What is Forgiveness?

According to Merriam-Webster.com forgiveness is defined as follows:

  • To stop feeling anger toward someone who has done something wrong; to stop blaming
  • To stop feeling resentment against an offender (e.g. to forgive one’s enemies)
  • To give up resentment of (e.g. forgive an insult)

In Buddhist terms one would then want to:

  • Let go of anger toward someone who has done something to wrong us
  • Let go of resentment against an offender
  • Let go of resentment against anyone in general

In Buddhist psychology, forgiveness is seen as bearing the mark of wisdom.  There are a lot of ways that we can develop forgiveness and love.  The first person that we should forgive is ourselves.  We can be very harsh to ourselves sometimes and through forgiveness we can learn to love ourselves and not let the past intrude into the present.

“By three things the wise person may be known. What three?  He sees a shortcoming as it is.  When he sees it, he tries to correct it.  And when another acknowledges a shortcoming, the wise one forgive it as he should.” – Angutarra Nikaya I -103

In Buddhism, forgiveness and love are seen as a way to eliminate suffering and is a way to let go of all the pain that we are holding inside.

The message of forgiveness can be found in the following story that is in harmony with Buddhist thought.

One Jewish ex-prisoner of war asked another “Have you forgiven your captors yet?”
“I will never do that”, the second one answered.
“Then they still have you in prison”, the first one replied.

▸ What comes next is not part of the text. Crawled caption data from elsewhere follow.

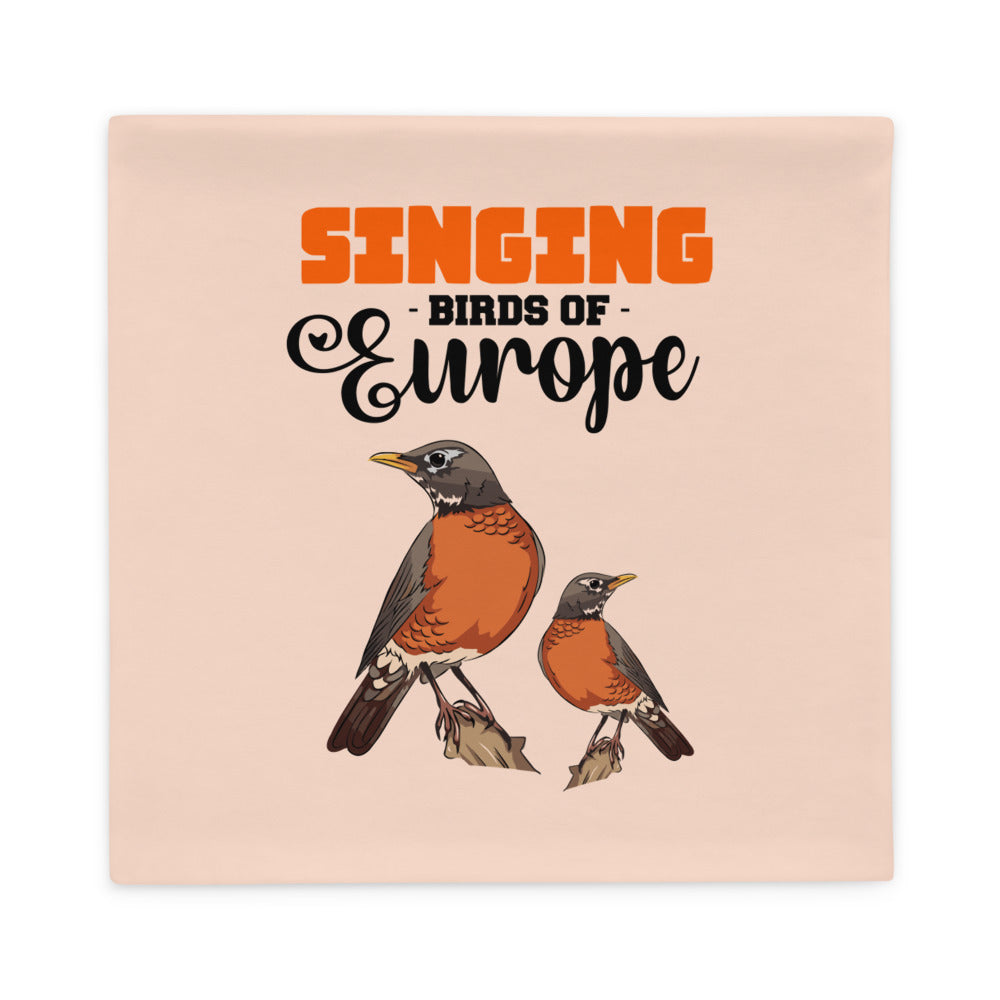 SINGING BIRDS OF EUROPE - Pillow Case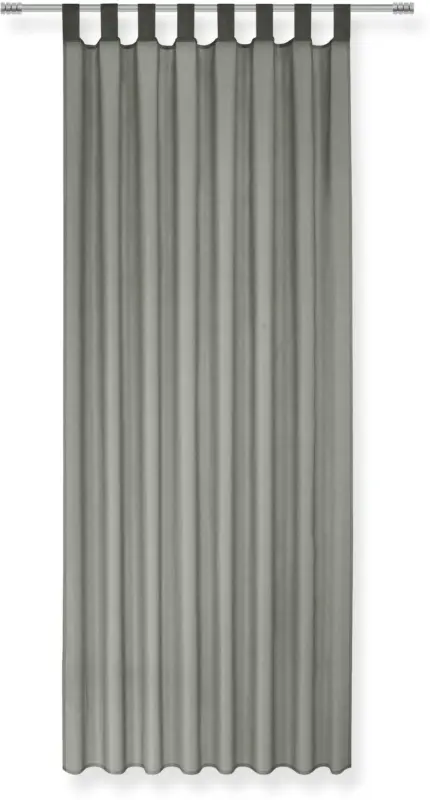 Schlaufenvorhang Hanna in Anthrazit, 2 Stk.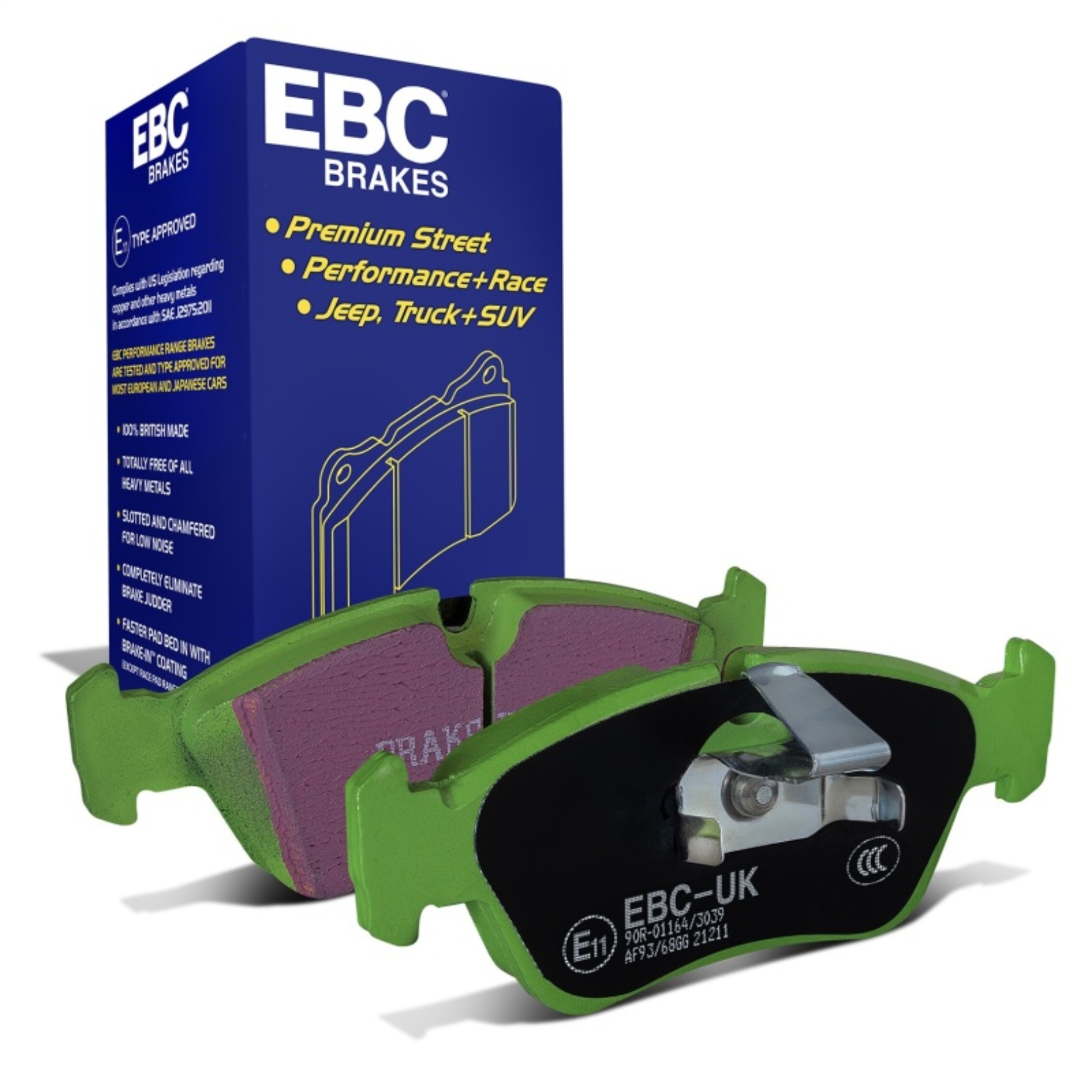 Picture of EBC Greenstuff Brake Pad Sets - DP21211
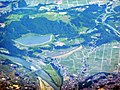 水利権復活後の調整池拡大空撮画像（2010/06/15）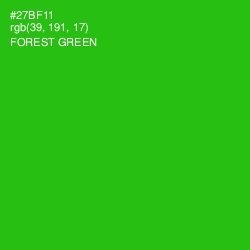 #27BF11 - Forest Green Color Image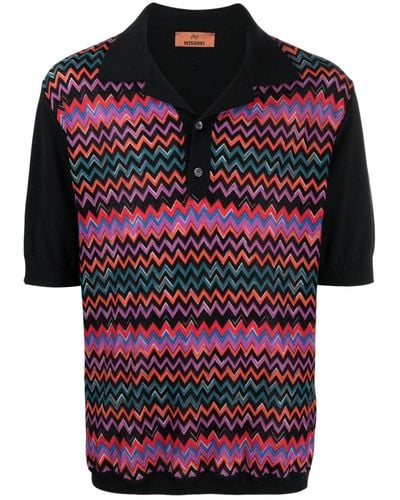 Missoni Poloshirt Met Zigzag-patroon - Rood
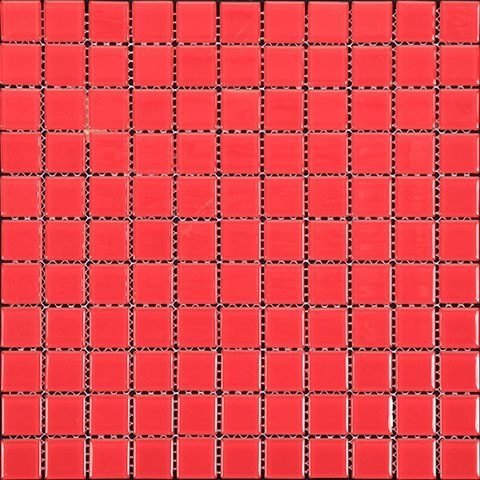 Мозаика Natural Mosaic Color Palette A-111 (D-111) (Стекло), цвет розовый, поверхность глянцевая, квадрат, 300x300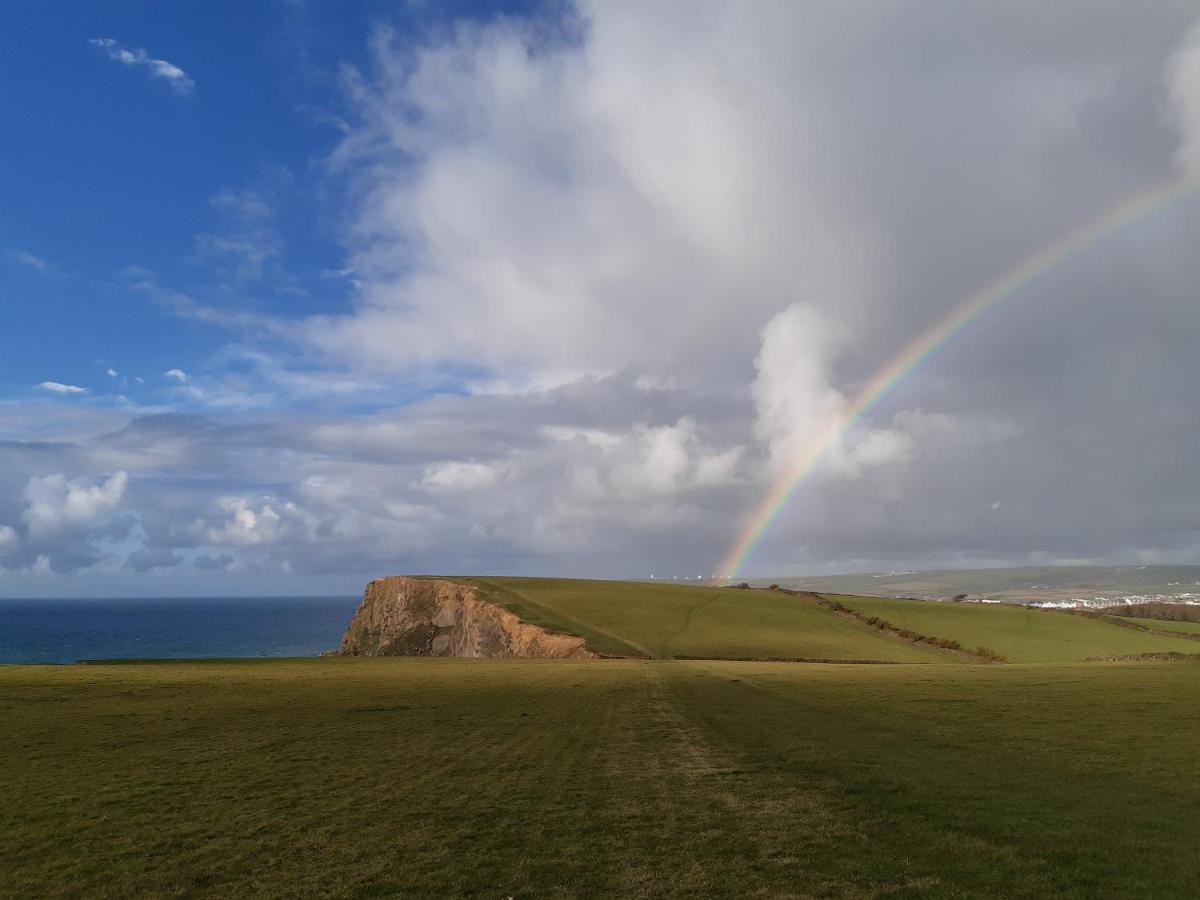 Chalet 18 Widemouth Bay Holiday Village Bude Bagian luar foto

So how do you apply forgiveness to your daily life? 

forgiveness in buddhism

Sogyal Rinpoche

Try the meditation and visualization detailed below which was shared by the Tibetan Buddhist lama Sogyal Rinpoche from his book, “Glimpse of the Day”.

“Imagine vividly a situation where you have acted badly (or in a way that would make forgiveness an option in the first place), one about which you feel guilty, and about which you wince even to think of it.

Then, as you breathe in, accept total responsibility for your actions in that particular situation, without in any way trying to justify your behavior.  Acknowledge exactly what you have done wrong and wholeheartedly ask for forgiveness.  Now, as you breathe out, send out reconciliation, forgiveness, healing, and understanding.

So you breathe in blame, and breathe out the undoing of harm; you breathe in responsibility, breathe out healing, forgiveness, and reconciliation.

This exercise is particularly powerful and may give you the courage to go to see the person whom you have wronged, and the strength and willingness to talk to him or her directly and actually ask for forgiveness from the depths of your heart.”

It is also good to devote at least 5 minutes for forgiveness meditation daily.

Summary

At the end of the day, the Buddhist perspective on forgiveness comes down to letting go of ego and of grievances that the ego perceives as attack.  The best way to start with a forgiveness practice is to devote 5 minutes in the morning and evening forgiving yourself first and then everyone else who may have done you wrong during the course of your day.

May you be forgiven!

If you have any thoughts or comments, please leave them below.  I’d love to hear from you!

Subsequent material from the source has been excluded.